Ты всегда так громко мурлыкал. Я просыпалась от этого утром, ты приходил с прогулки, залезал на кровать, сворачивался колачиком у моих ног, и громко-громко мурчал. А когда мама была рядом, я говорила, что ты, - точно как вертолет.
И мама смеялась, и я. И мы были счастливы. Ты дарил, любезно дарил нам свое нечеловеческое, неземное, безмерное тепло, наполнял наши души, лишенные прежде такого счастья как ты, - Максенька, счастьем, и вселенской любовью...
Когда покрасили пол, ты уже пропал. Этот запах краски, - я ненавижу его всем сердцем, жуткие воспоминания связаны с ним. Странно, что за неделю до этого, я вырвала у тебя клок шерсти, намазала твою подушечку лапки красной помадой, и отпечатала на бумаге. Все это я спрятала в шкатулку, но потом потеряла. А ты исчез. Как свет погас.
А помнишь, огромную рану на хвосте? Пол хвоста оттяпали... а помнишь, как я плакала, когда мы тебя лечили, делали уколы, возили в вед лечебницу? Тебе было больно. А помнишь, как отбили тебе лапки, и ты не мог ходить долго, и мы ставили миски на кровать?
А ещё ты не любил мыться... вечно мяукал, а потом отбивался, облизывался, и обижался, уходил, прятался, и не разговаривал с нами. А потом спал, и уже был довольный, сухой. И такой белый. Такой мягкий.
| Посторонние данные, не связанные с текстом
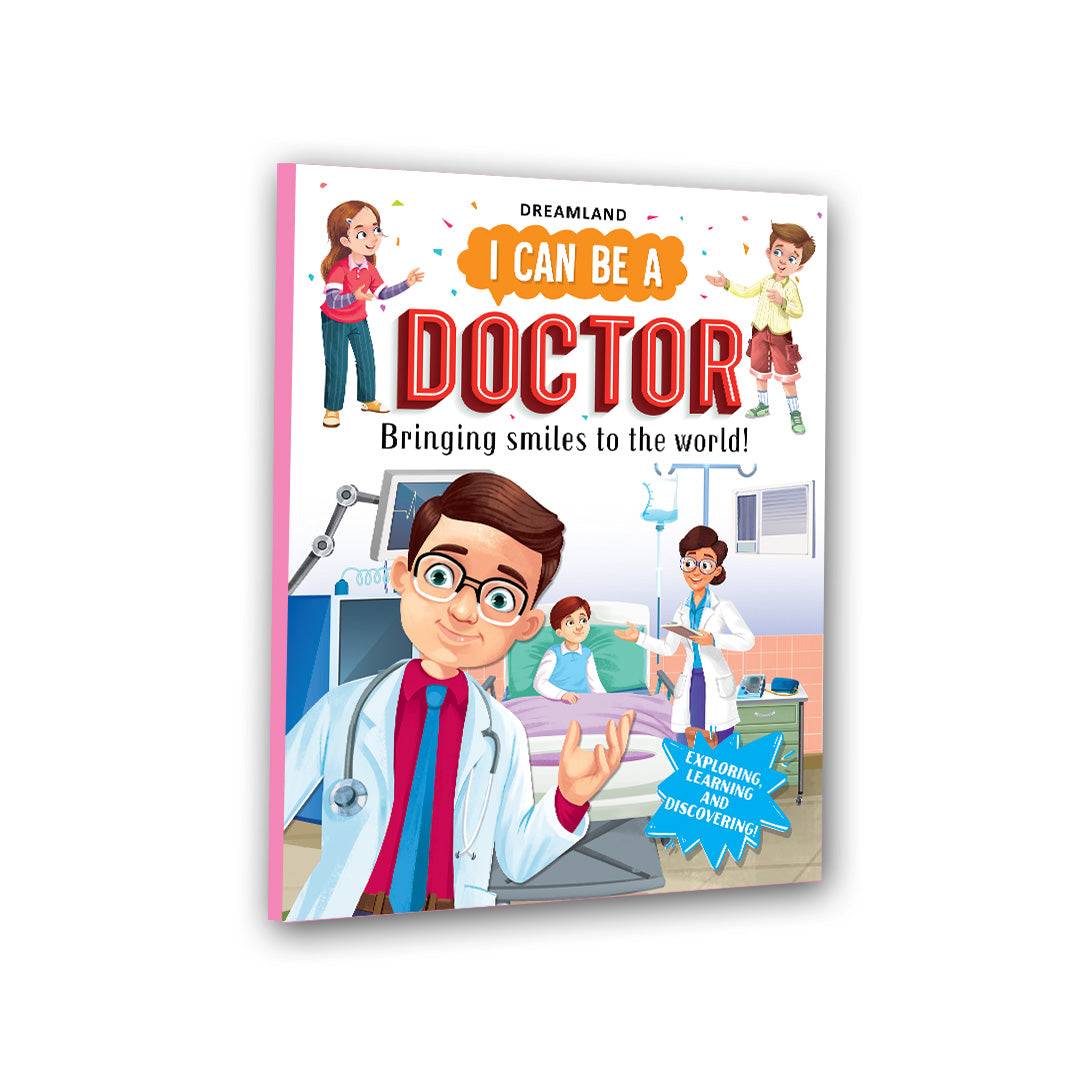 Dreamland Publications I Can Be a Doctor - Explore the World of Doctors Through Storytelling and Illustrations for Kids Ages 4–8 | Grocsy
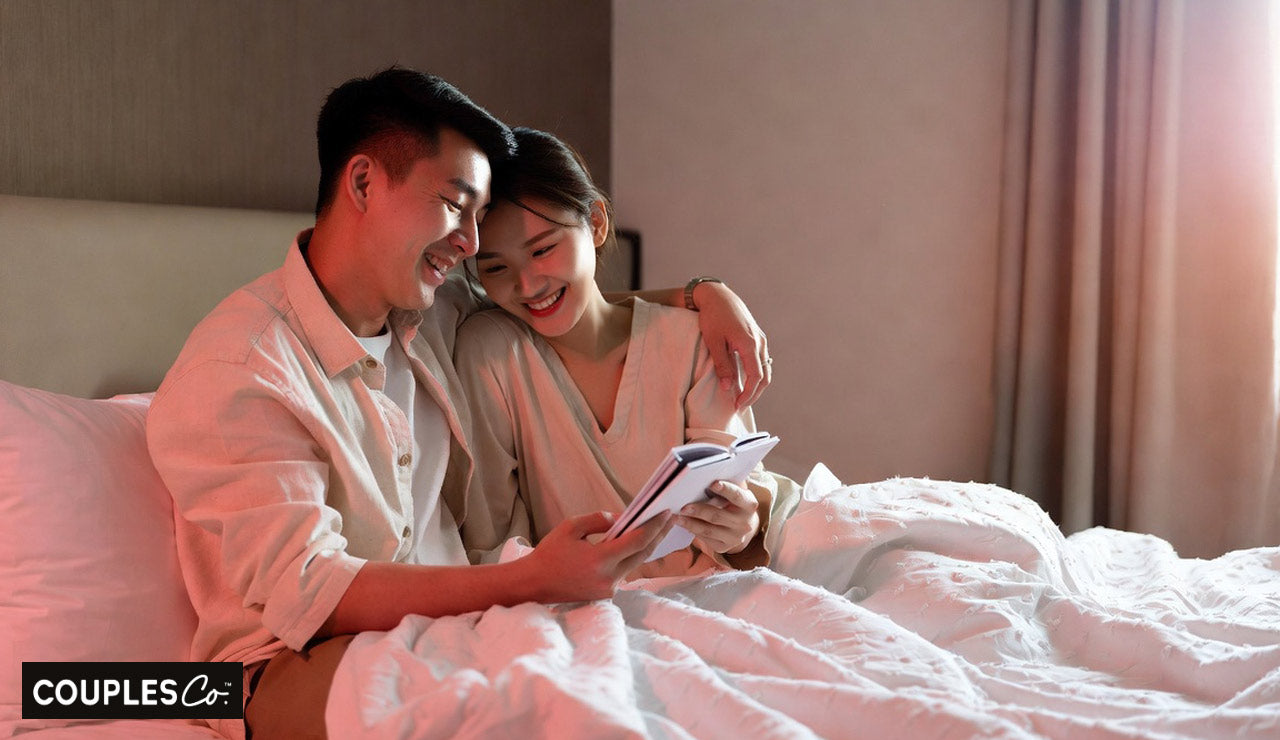 The real benefits of scheduling Sex in a Relationship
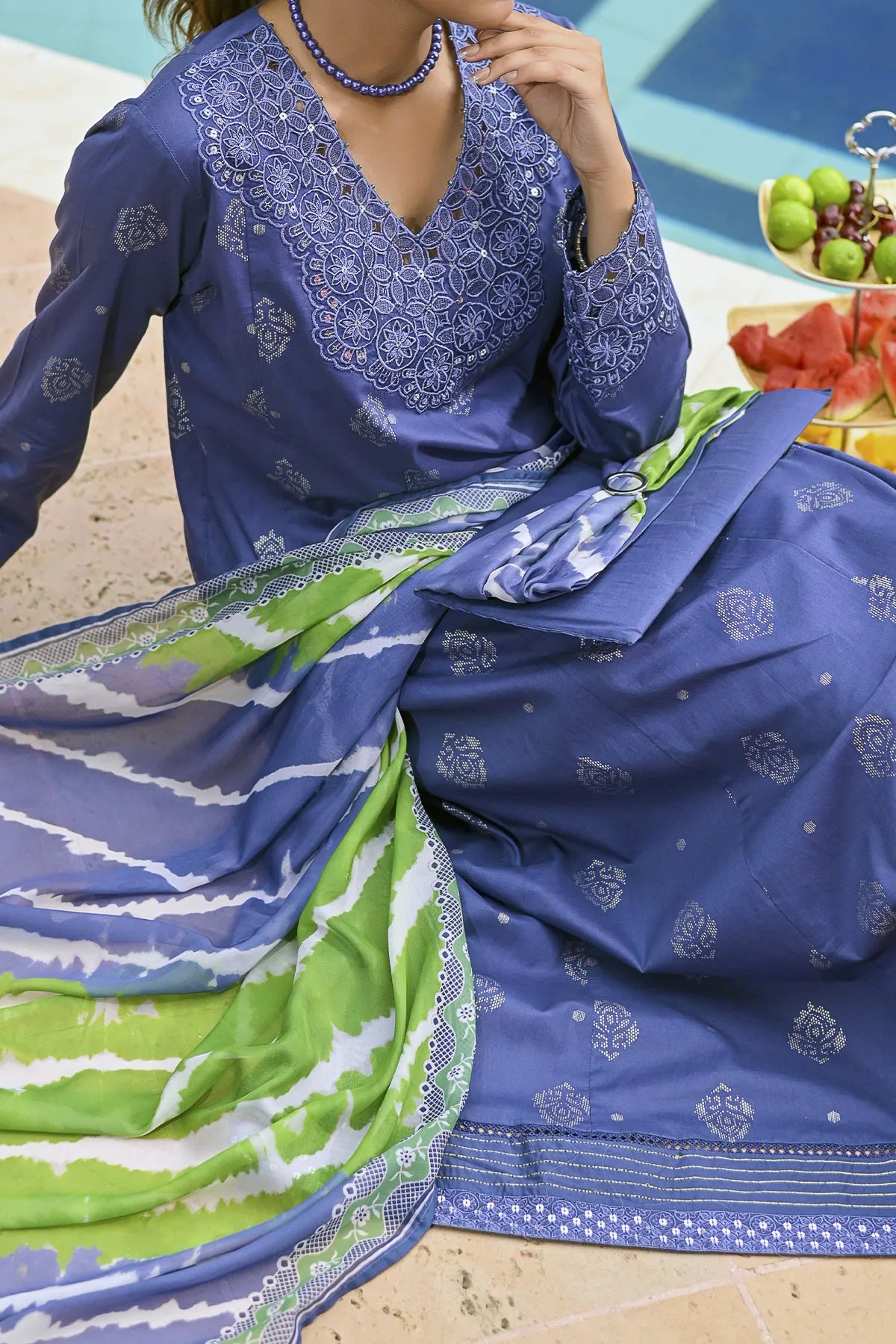 3 PIECE DIGITAL PRINT LAWN | DPC-422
Господи, как же сильно я тебя любила, и люблю, хоть не чувствую тебя рядом, совсем-совсем. Должно быть, если бы ты умер, твоя душа летала бы в нашем доме? Но тебя будто и не было. Вспышка света, которая радовала и грела всех своим существованием, - а потом взяла и погасла.
Улетела, исчезла.
Как я молила бога, чтобы ты вернулся, я буквально не спала по ночам, и будила маму, и мы обходили все возможные окрестности, но тебя не было нигде. Макся...
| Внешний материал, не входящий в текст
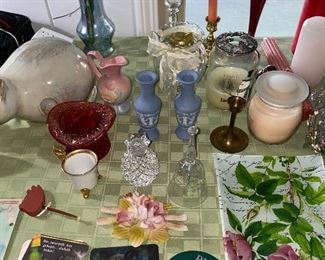 CANDLES / VASES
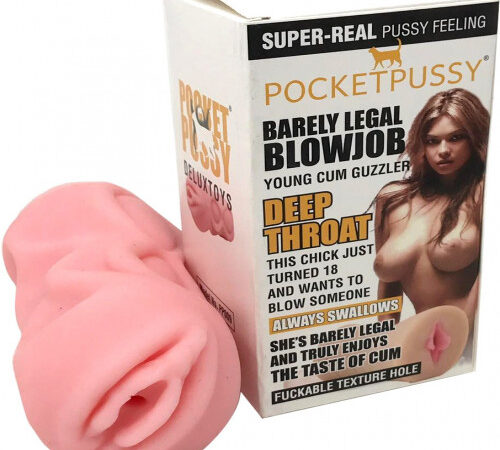 Barely Legal Blowjob Pocket Pussy Masturbator For Men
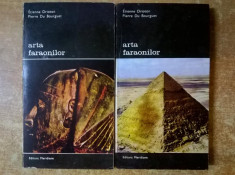 E. Drioton, P. Du Bourguet ? Arta faraonilor {2 volume} foto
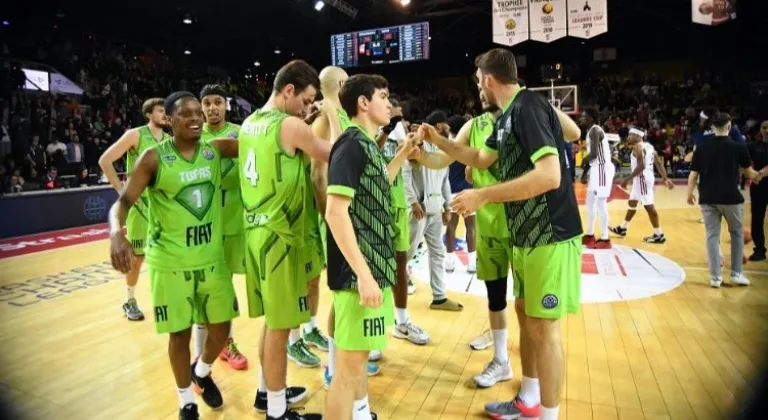TOFAŞ Basketbol Takımı, Basketbol Şampiyonlar Ligi'nde Çeyrek Finale Yükseldi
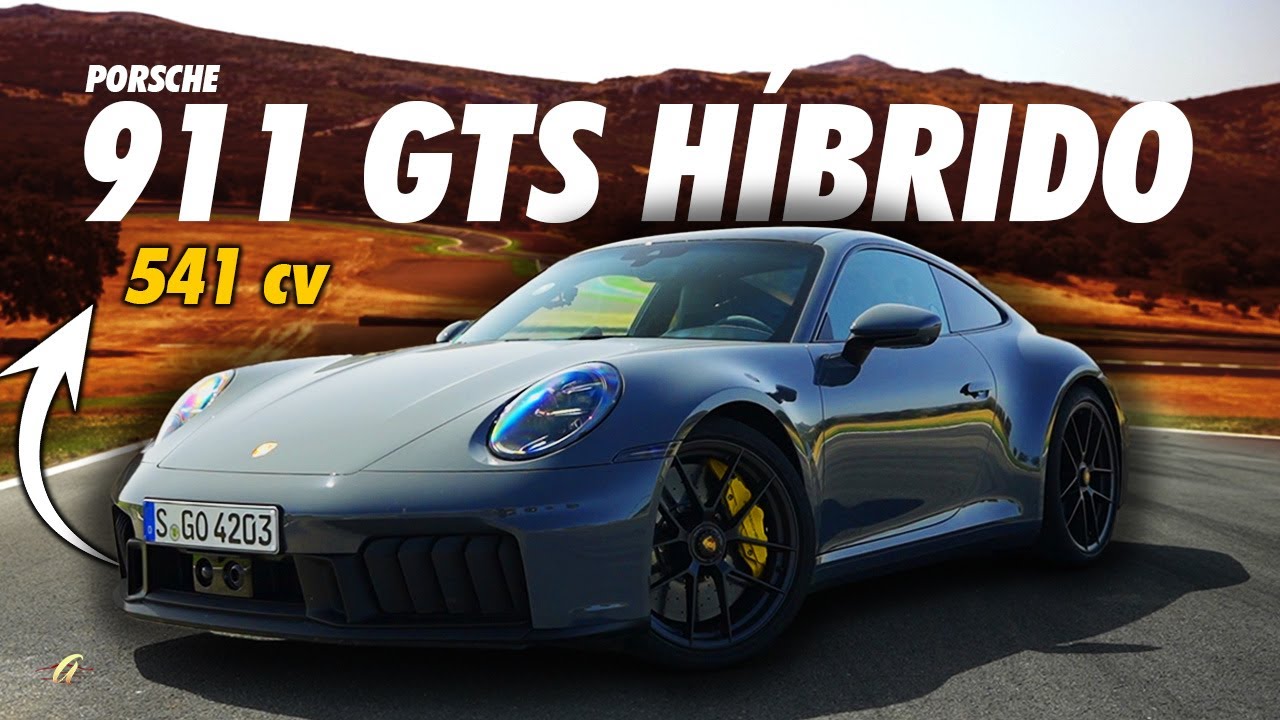 ACELERAMOS O POLÊMICO PORSCHE 911 HÍBRIDO! JOGARAM A TRADIÇÃO NO LIXO OU É O MELHOR 911 DA HISTÓRIA?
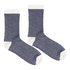 Chaussettes courtes en modal, Bleu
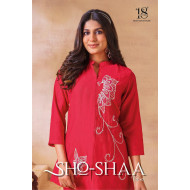 18 Attitude Sho Shaa Vol 10 Co Ord Set Catalog at Wholesale Rate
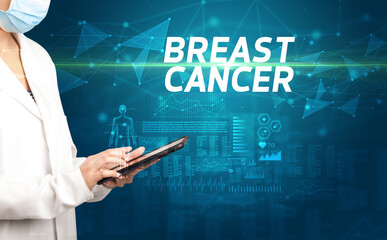 doctor writes notes on the clipboard, medical diagnosis concept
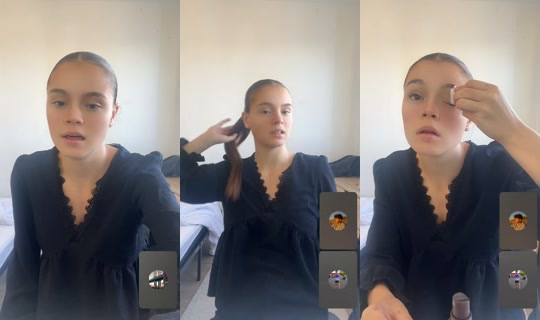 carla.lebailly19 TikTok Live — Oct 2, 2026, 9:37 AM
теперь я конечно, не на что не надеюсь.
Есть Баксик, который почти полная противоположность тебя, но я его тоже безмерно люблю. Сейчас ходила, обняла, поплакала в белую шубку. И когда сказала "Бакся, иди сюда", он подошел, и потерся об ноги. Понял, что мне грустно.
Как я скучаю по прикосновению твоей шерстки...
Я верила. Слишком долго. Сходила с ума от тоски, до одурения, думала о самоубийстве. Ты был мне как... очень близкий человек. Любовь моя к тебе, была сравнима любовью к матери, клянусь.
И я потеряла тебя.
Прости меня, Максюта.
Где бы ты ни был. Жив, или мертв.
только пожалуйста, на небе, или на земле,
не скучай по нам, и будь счастлив, кот.